CSI: Columbus, Nebraska

Today, I’m starting a new regular feature here: Wednesdays For My Wife. Mary, who everyone has heard about by now, asked me last night if I could write a story for her on the blog every week, chosen from my wide array of funny stories from childhood, from adulthood, and from my years traveling on business. I thought that was a reasonable request; I mean, she’s been after me to write my stories down for fun and profit for some time, and I haven’t exactly been good about it. Her suggestions will help drive the project, and keep me on track, more or less.

Mary
Mary’s profile picture from Facebook. She made that scarf.

I know I’ve told this story before here, and have referred to it any number of times, but rather than sending you digging through the archives to find it (I’m not even sure I remember where it is), I’ll write it again and see if I can make it funnier than before.

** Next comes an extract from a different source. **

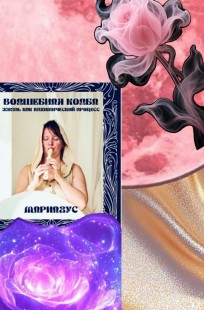 Обложка книги «Волшебная колба. Жизнь как алхимический процесс»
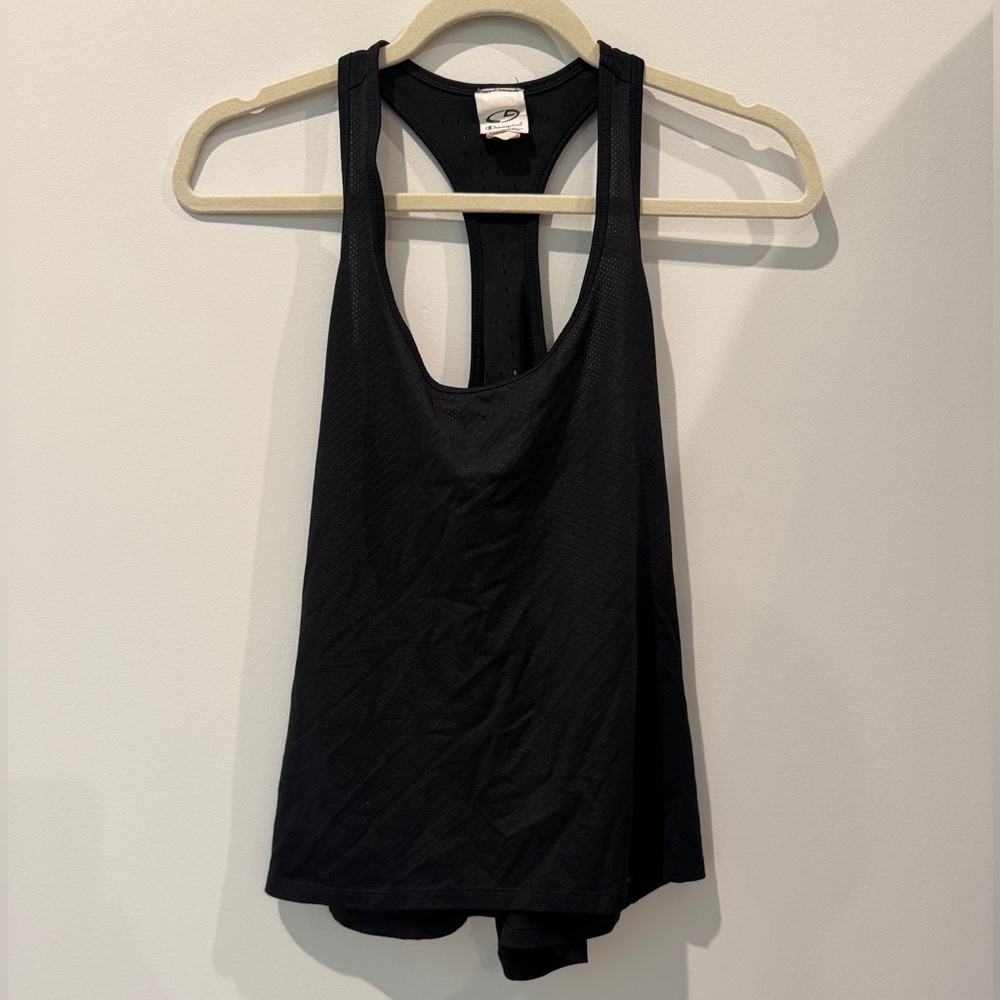 Champion Women's Black Tank Top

My job as a software installer for the company I eventually spent twenty years with required extensive travel, often to small cities and towns in the Midwest. On this particular week, I was set to make a two-day trip to visit a client in Columbus, Nebraska, about ninety miles due west of Omaha. About a week ahead of time, I called my efficient travel agent and set up a roundtrip flight to Omaha, where I would rent a car and drive to Columbus, and asked her to book two nights at the Holiday Inn Columbus. She said she would take care of that, and a few days later I had my tickets.

The day I’m supposed to leave, I get a call from her: the Holiday Inn is booked (they had been watching the hotel for a cancellation), do you have a second choice? I call my client, and he tells me there’s a Super 8 Motel a couple of blocks from the Holiday Inn. I call my travel agent back and tell her to book me into the Super 8 for a couple of nights. She says she’ll call me either with a confirmation or to request another hotel.

I don’t hear from her by the time I have to leave, so I go to O’Hare to catch my 6:00 PM flight. When I get to the airport, I learn that the plane I’m supposed to take to Omaha has been delayed, and to go to the gate, where they’ll have updates. This was in the days before voice mail, and the administrative assistant that took my messages has gone home for the day, so I don’t know if they had any luck getting me a hotel for the night. By the time the plane arrives, it’s almost 8:00 PM, so we don’t leave until 8:30, meaning it’s almost 11:00 when I finally land, get my baggage and rental car, and strike out on the road to Columbus.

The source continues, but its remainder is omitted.